Step 1: Identify the formula for \( h(S) \).
For a 95\% confidence interval based on the \( t \)-distribution, \( h(S) \) is given by:
\[
h(S) = t_{\alpha/2, \, n-1} \cdot \frac{S}{\sqrt{n}},
\]
where:
- \( t_{\alpha/2, \, n-1} \) is the critical value of the \( t \)-distribution for a 95\% confidence level with \( n-1 \) degrees of freedom,
- \( S \) is the sample standard deviation,
- \( n \) is the sample size.
Step 2: Calculate \( S \) from the given variance.
The sample variance is given as \( S^2 = 9.5 \). Thus, the sample standard deviation is:
\[
S = \sqrt{S^2} = \sqrt{9.5} \approx 3.08.
\]
Step 3: Determine the value of \( h(S) \).

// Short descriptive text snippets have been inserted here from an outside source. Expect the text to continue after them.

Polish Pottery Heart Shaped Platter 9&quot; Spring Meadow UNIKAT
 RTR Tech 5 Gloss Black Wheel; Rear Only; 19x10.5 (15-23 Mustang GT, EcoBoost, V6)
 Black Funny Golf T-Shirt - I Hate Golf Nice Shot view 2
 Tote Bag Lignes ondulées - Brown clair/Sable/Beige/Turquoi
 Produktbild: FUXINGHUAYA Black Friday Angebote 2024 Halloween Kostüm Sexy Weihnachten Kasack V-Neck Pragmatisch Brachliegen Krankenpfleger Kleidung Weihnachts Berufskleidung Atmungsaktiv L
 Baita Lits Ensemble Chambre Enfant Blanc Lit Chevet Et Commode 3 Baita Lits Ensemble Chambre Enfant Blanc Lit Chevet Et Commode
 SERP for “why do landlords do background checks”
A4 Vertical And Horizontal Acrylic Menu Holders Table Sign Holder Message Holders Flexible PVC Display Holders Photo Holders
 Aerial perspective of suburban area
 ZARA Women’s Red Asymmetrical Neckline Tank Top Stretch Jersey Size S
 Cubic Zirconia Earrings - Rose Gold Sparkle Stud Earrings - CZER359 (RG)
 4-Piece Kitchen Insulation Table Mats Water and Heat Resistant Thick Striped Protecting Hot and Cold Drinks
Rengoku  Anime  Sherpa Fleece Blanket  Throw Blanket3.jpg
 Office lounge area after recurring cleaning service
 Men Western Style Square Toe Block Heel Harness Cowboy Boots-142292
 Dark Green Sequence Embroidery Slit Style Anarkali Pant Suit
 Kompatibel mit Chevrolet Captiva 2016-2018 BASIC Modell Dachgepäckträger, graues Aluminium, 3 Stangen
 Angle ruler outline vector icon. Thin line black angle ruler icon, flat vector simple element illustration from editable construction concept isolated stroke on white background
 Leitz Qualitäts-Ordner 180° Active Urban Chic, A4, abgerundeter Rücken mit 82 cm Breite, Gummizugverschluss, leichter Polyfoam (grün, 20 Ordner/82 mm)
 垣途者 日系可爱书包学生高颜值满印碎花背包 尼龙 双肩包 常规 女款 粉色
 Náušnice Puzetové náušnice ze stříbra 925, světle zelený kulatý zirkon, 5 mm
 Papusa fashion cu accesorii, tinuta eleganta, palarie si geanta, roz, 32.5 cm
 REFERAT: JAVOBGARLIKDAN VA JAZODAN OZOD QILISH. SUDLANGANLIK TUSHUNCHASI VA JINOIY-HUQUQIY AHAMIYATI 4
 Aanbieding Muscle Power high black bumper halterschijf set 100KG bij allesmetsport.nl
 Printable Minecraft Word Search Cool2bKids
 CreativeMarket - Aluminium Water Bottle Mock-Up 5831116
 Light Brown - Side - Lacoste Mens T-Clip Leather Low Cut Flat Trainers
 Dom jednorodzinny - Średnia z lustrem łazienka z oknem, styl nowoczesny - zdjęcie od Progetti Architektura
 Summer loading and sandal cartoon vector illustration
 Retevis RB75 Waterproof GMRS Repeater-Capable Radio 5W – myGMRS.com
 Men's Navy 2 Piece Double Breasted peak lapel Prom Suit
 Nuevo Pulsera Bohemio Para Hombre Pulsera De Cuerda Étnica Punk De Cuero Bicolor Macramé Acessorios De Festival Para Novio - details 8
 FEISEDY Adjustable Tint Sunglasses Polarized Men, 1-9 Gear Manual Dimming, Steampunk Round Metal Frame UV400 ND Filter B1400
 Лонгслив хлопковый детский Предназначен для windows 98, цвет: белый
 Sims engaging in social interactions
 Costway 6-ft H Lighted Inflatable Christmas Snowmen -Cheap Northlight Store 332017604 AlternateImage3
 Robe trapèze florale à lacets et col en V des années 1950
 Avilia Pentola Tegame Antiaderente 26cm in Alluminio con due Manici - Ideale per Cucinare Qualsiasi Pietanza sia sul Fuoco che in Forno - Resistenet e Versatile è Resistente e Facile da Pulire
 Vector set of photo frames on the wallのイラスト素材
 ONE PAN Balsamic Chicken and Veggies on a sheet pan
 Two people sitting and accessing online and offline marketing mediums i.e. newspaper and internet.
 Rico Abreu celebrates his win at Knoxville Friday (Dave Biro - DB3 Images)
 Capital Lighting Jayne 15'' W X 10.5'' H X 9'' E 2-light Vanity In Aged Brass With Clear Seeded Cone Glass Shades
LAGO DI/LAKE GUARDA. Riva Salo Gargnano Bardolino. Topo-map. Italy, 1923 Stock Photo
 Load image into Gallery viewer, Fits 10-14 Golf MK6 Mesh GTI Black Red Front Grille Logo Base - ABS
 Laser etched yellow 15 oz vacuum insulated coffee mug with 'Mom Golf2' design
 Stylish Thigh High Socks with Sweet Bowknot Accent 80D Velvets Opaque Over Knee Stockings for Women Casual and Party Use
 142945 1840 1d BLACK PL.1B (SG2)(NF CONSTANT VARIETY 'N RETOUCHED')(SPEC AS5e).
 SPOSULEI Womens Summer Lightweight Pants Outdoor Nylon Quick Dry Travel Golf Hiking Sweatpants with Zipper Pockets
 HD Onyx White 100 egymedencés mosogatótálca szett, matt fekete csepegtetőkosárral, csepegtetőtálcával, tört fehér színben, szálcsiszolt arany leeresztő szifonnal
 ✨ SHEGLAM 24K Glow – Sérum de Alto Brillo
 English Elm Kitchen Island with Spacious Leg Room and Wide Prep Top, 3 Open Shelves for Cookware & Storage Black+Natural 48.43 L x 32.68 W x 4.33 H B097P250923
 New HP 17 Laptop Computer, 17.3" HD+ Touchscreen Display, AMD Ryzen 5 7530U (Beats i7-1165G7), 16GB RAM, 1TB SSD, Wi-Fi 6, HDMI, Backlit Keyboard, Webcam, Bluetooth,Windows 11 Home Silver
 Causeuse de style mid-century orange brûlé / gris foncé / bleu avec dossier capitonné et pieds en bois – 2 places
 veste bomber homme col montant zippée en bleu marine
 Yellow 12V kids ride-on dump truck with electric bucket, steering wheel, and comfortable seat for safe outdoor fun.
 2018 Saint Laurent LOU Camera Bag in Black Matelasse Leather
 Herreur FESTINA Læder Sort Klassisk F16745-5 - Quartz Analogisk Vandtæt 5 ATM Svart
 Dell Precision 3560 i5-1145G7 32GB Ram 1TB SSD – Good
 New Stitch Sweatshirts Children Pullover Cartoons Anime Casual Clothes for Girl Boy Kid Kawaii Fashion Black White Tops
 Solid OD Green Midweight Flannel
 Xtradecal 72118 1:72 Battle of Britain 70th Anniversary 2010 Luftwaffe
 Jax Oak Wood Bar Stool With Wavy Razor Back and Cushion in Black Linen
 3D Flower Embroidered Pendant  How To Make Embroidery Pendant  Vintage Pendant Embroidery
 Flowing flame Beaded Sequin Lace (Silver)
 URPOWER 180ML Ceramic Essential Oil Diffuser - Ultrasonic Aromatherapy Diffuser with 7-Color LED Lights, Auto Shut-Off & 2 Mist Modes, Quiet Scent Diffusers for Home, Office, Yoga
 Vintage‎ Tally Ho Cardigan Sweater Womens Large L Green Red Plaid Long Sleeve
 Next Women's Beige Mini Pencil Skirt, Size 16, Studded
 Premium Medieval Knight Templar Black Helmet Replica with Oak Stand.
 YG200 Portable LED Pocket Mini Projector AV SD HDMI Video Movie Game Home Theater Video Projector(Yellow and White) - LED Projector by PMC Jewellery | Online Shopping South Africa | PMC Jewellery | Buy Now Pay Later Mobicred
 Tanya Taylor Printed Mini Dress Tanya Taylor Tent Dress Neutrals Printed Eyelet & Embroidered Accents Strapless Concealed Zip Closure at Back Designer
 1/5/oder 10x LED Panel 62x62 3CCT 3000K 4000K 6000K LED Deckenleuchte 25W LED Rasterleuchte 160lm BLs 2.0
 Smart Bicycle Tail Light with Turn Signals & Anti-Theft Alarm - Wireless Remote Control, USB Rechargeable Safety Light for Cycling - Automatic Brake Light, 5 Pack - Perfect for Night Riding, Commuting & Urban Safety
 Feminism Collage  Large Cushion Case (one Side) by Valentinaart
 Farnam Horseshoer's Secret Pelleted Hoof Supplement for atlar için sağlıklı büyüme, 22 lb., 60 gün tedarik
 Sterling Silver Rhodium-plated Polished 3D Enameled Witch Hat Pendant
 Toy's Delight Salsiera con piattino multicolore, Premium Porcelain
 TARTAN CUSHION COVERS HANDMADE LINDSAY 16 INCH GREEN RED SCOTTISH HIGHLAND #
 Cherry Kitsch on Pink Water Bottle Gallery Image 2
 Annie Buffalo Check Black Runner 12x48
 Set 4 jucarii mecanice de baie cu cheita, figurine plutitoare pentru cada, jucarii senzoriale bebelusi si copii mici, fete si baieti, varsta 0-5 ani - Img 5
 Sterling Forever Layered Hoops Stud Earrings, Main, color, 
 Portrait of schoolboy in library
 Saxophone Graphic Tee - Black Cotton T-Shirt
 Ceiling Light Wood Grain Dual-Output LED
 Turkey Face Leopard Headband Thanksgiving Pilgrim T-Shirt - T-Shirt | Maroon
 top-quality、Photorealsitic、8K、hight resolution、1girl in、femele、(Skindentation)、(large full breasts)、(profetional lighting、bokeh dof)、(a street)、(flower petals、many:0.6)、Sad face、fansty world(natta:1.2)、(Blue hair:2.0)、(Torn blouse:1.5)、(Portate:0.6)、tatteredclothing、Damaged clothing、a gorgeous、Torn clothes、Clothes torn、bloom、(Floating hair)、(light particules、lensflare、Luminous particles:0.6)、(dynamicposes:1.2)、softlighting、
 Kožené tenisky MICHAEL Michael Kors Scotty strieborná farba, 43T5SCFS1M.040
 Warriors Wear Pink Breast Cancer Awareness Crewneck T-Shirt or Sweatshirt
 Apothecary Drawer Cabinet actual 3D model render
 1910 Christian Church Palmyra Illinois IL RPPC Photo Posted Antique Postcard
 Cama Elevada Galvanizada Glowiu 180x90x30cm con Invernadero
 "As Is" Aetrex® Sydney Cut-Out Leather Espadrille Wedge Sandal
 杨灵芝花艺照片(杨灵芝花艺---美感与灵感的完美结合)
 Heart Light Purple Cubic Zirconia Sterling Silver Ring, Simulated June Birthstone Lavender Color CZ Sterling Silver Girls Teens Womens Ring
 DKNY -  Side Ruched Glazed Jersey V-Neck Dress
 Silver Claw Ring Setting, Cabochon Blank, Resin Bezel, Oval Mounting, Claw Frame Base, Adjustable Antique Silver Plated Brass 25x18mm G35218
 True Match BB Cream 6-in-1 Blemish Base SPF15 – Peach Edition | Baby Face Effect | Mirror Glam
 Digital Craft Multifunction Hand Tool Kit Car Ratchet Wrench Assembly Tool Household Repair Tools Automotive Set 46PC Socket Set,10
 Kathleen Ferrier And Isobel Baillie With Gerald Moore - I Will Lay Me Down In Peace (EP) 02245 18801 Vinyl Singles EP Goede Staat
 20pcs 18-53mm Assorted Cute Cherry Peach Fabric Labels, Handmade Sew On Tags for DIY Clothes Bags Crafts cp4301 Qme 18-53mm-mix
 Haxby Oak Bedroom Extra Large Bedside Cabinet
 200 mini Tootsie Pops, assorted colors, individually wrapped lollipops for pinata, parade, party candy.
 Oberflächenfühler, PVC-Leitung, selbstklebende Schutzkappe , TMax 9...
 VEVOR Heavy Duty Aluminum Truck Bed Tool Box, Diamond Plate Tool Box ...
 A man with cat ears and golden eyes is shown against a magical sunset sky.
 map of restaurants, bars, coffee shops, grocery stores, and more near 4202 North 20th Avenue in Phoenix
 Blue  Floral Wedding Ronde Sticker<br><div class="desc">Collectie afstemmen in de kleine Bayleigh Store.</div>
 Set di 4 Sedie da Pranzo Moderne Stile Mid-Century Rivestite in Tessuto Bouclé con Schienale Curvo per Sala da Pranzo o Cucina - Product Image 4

The sample size is \( n = 9 \), so the degrees of freedom are \( n-1 = 8 \). For a 95\% confidence level, the critical value is \( t_{0.025, 8} = 2.306 \). Substituting the values:
\[
h(S) = t_{0.025, 8} \cdot \frac{S}{\sqrt{n}} = 2.306 \cdot \frac{3.08}{\sqrt{9}} = 2.306 \cdot \frac{3.08}{3}.
\]
Simplify:
\[
h(S) \approx 2.306 \cdot 1.0267 \approx 2.37.
\]
Step 4: Calculate the width of the confidence interval.
The width of the confidence interval is:
\[
2 \cdot h(S) \approx 2 \cdot 2.37 = 4.74.
\]
Conclusion:
The width of the confidence interval is:
\[
\boxed{4.74}.
\]